Return only those lines of the material that contain "plant".
------------------------------------------------------------------------
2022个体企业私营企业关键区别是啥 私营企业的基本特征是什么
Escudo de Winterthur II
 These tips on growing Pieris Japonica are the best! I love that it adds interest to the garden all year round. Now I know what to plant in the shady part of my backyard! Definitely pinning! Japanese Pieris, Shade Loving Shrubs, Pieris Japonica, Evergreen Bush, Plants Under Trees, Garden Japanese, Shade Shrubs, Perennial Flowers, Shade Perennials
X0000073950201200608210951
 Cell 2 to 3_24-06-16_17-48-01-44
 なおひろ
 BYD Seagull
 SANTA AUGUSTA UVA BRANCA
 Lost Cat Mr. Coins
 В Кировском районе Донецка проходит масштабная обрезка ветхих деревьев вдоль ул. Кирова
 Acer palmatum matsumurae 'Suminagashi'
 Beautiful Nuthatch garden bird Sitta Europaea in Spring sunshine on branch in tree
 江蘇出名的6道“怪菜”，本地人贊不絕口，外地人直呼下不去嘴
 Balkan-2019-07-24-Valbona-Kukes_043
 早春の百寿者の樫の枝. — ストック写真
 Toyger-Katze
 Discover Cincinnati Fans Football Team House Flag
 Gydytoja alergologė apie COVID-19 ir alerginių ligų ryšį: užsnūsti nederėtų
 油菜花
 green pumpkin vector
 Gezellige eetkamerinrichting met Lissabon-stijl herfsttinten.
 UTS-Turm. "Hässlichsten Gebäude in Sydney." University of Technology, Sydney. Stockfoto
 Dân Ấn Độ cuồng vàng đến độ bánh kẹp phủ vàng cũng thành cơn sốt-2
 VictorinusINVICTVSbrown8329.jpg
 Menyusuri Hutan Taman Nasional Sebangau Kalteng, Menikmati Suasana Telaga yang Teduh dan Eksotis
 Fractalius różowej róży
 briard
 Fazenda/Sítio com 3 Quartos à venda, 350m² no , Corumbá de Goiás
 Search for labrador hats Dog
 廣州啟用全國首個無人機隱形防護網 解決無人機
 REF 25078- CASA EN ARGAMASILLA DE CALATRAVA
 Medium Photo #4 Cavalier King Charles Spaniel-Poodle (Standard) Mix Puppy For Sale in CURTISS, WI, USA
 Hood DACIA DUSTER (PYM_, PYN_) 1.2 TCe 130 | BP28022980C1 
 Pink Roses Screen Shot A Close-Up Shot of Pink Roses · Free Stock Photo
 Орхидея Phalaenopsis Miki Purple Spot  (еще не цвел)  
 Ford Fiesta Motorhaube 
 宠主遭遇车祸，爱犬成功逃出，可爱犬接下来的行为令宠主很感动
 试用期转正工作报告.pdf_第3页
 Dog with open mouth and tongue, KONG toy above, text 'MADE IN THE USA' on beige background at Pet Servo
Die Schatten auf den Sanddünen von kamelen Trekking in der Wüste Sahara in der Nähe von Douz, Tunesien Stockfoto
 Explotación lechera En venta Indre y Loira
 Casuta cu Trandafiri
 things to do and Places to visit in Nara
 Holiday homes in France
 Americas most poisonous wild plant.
------------------------------------------------------------------------
### Solution for this task
 These tips on growing Pieris Japonica are the best! I love that it adds interest to the garden all year round. Now I know what to plant in the shady part of my backyard! Definitely pinning! Japanese Pieris, Shade Loving Shrubs, Pieris Japonica, Evergreen Bush, Plants Under Trees, Garden Japanese, Shade Shrubs, Perennial Flowers, Shade Perennials
 Americas most poisonous wild plant.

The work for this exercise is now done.